Suppose when you unzip chromatin, you get only a naked-DNA signal over the linker DNA regions, and an un-simulated signal over the non-linker regions. Would you speculate on how that (change in signal) will affect your recall?

Suppose you simulate all 2700 restriction fragments. What if you make another version of figure 4 by scoring all simulated sequences versus each other (sim vs sim instead of expt vs sim)? (Also, by symmetry, what is the spectrum of scores obtained for individual OT runs --- both match and mismatch --- against each other (expt vs expt, instead of expt vs sim)?) Is the difference in distance between your blue and red peaks roughly equal to the difference in distance between correct and incorrect peaks for the 2700 x 2700 test? (If not, then you will have to explain what's special about your 32 sequences.) Do the 2700 fragments include the reverse-complement sequences?

2. In the excerpt of the match score formula, I see kT / C / stdev(force difference). Here are the implications that I read from the formula: a. for a given match score, a 1-unit force difference on 4 indices (neighboring or separate) is worth a 2-unit force difference on 1 index; and b. for a given match score, the standard deviation of the force difference scales with the temperature of the environment.

On (a), I recognize that this is a draft and see that you may not want or need to refine the formula.

On (b), are you making a statistical-mechanical statement (and I see no support for it elsewhere in the paper), or are you just dressing up the standard deviation of force in statistical-mechanical clothing, by adding a kT and making it unitless? For the purposes of your experiment, kT/C is constant, so that portion of the relationship cannot be tested. My thought is, if you're not making a statistical-mechanical statement, then your match score should be as simple as possible:

m2 = stdev(force difference/scale force)

where the scale force is kT/2/C. Do you actually get a better Gaussian when you take exp(-1/m2)?

My own biases would reverse your scale, suggesting numbers close to 1 as a good match, and numbers close to zero as a poor match --- something that can be interpreted as a probability, like exp(-m2) / sum_{all sequences} exp(-m2). On second thought, perhaps it is good that the score does not change as we consider a different universe of sequences.


3. The beginning of the paper reads to me like "peeing on the tree". In particular, I think mentioning Pol II is overreaching.

4. It really bothers me in figure 2 that the colors are swapped between A and B. Also, next to figure 4, in the last paragraph before "Future Improvements", you use the word "fell" instead of "felt". Also, I have not worked on the language very much, but the last line on page 8 is a little strange.

5. I'd like to be able to estimate what the 30-point smoothing window represents (in nm or bp) when multiplied with your stretch rate.

6. You mention viscosity a few times and say that it's significant, but it seems to be absent from the "Creation of Simulation Library" description.
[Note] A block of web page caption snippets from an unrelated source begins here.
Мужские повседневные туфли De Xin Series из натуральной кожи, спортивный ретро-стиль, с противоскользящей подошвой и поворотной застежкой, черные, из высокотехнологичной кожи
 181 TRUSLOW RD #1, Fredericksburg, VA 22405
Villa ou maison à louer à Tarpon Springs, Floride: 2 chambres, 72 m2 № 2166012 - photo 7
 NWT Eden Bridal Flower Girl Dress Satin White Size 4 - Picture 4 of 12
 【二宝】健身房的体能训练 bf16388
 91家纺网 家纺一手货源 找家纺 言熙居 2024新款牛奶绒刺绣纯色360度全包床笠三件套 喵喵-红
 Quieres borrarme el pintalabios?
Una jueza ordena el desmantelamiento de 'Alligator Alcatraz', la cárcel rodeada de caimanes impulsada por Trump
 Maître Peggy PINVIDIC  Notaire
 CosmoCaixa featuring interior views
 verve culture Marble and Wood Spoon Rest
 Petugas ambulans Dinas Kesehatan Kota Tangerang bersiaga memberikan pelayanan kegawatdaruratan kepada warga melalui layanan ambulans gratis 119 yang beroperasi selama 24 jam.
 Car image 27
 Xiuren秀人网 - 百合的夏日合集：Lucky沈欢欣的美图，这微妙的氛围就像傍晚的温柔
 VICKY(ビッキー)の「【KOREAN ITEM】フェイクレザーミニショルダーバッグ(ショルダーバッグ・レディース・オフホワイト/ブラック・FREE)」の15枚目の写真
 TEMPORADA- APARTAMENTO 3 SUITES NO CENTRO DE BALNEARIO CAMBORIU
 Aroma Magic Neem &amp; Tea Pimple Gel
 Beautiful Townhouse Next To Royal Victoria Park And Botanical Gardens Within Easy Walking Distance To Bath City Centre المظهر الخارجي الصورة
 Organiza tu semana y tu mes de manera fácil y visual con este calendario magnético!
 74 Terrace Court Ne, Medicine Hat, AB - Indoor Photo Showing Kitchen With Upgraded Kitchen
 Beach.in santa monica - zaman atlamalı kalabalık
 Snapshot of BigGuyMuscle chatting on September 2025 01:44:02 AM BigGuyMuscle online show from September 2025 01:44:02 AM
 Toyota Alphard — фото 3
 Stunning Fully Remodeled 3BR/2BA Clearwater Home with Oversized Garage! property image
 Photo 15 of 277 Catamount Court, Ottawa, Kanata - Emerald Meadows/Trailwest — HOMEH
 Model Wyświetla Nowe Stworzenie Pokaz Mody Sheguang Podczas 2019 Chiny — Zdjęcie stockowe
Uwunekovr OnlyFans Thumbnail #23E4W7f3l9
However, later, you say that the viscosity is not important because it would just impose the same shift on the scores of both the matches and the mismatches (by affecting the OT data but not the simulated data). It's not clear to me how the GC content affects your estimation --- is it that the higher force needed to unzip improves the signal compared to the viscosity offset? The nature of standard deviation is such that if you had a mismatched sequence modeled with the correct force scale, it might have a better score than a matched sequence with the incorrect force scale. Alternatively, if you colored the points in figure 3 by GC content, would all those with the highest GC content have the lowest (most similar) match scores?

Initially, I felt that there was a contradiction here, but now I think that the argument needs to be revised: you depend on the scale of the force to be correct so that you can use the standard-deviation-of-difference in your match score. But if your simulated force doesn't include viscosity, then we cannot trust the energy calculation in your simulation.